Fairfield Historian, Jane Dieffenbacher, who quoted both Beers and Simms
in her 1996 book This Green and Pleasant Land - Fairfield, New York,
added from her intimate knowledge of the area, that the site of the 1779
attack is located on the Robinson Farm.

"Invasion of Fairfield.--- About the Middle of March, 1778 a party of the enemy, Indians and tories, made a sudden irruption upon and broke up the Fairfield settlement. A surprise thus unlooked for, was accomplished by journeying upon snow shoes, and just at a time when some of the settlers were endeavoring to find less exposed situations. Cobus Mabee was in the act of removing his family to the vicinity of Indian Castle. His children then were two sons and two daughters. He, had, with most of his household effects, accompanied by his wife and two younger children, gone to the Mohawk Valley, leaving John and Polly, his oldest children, to take care of the premises until his return, on the following day.  As the invaders scattered about the settlement, Hess, who was at the murder of the Mount boys, and another Indian, who was well known to the Mabee family---probably Cataroqua---visited the premises, expecting, as believed, to kill or capture Mr. Mabee.

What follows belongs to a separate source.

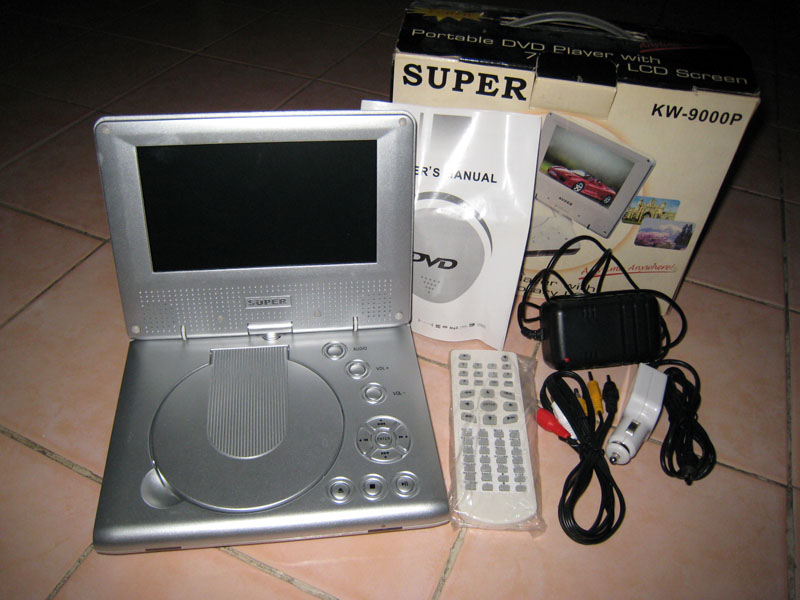 ขายเครื่องเล่นดีวีดีแบบพกพา SUPER KW-9000P รูปที่ 1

    "As the two Indians came there, they saw John near the house in the act of cutting potatoes for cattle, and ran directly to him. Hess held out his left hand, with a salutation of friendship, while the right hand grasped a sharpened tomahawk. As the lad took the proffered hand, he read his fate in the significant look, so peculiar to the defiant eye of the Indian, and discovering his sister at the moment a little distance off, his voice, in German, sounded the caution---"Polly, take care of yourself, or "---the sentence remained unfinished upon his lips. She saw the gleam of the weapon that, as it cut short his warning to herself, fell heavily upon the skull of her brother, fled and effectually concealed herself under some corn-stalks. Her brother's scalp was torn off, the dwelling which afforded little plunder was soon on fire, and the Indians were on their way to find other exposed victims.
    "Returning to his former residence after the enemy left it, Mr. Mabee found his unfortunate son---then 15 years of age still alive, and receiving the caresses of his sister, two years younger than himself. As stated, these children had been sent from home to school, and well improved their time. They were devotedly attached to each other, and John was considered the most promising boy in the settlement. Placing his son upon the sled, where Polly again acted the nurse, he drove as carefully as possible to the Mohawk Valley, but soon after arriving at the castle, the boy was released from his suffering.
    "Of the Fairfield settlers surprised and carried into captivity, were Conrad Jacob, Adam and Joseph Klock; Mabus Forbush, Ronald Ough, Adam and Rudolph Furrie, Henry Shafer and son Henry. Shafer had married the widow of Jacob Moyer after his death, and at the time of his surprise, was preparing to move on the place Cobus Mabee was vacating. Indeed, his son Henry had been sent thither with a load of some kind, and was captured on his way. No females, it is believed, were killed or captured in this settlement at this time; and the father of  Forbush, who was too old to make the journey , and too bald to afford a bounty-paying scalp, was, by a freak of humanity or some other motive, left behind. On leaving Fairfield the enemy crossed over to the East Jerseyfield road, and there captured John Keyser and his sons Michael and John, burned his buildings, and from his sheep and cattle they replenished their larder. Calvin Barnes, who was married into the Keyser family after the war, was living on the Keyser place in 1850. The prisoners received their share of suffering on the way to Canada, and probably all came back. Some of the dwellings in the settlement, from motives of policy, were not burned until a later invasion of the enemy."

     Simm's book was obviously the source of Clark's account, but it provides a much more detailed and accurate account of what happened. It also provides a better understanding of the terrible ordeals these families endured during the Revolutionary War.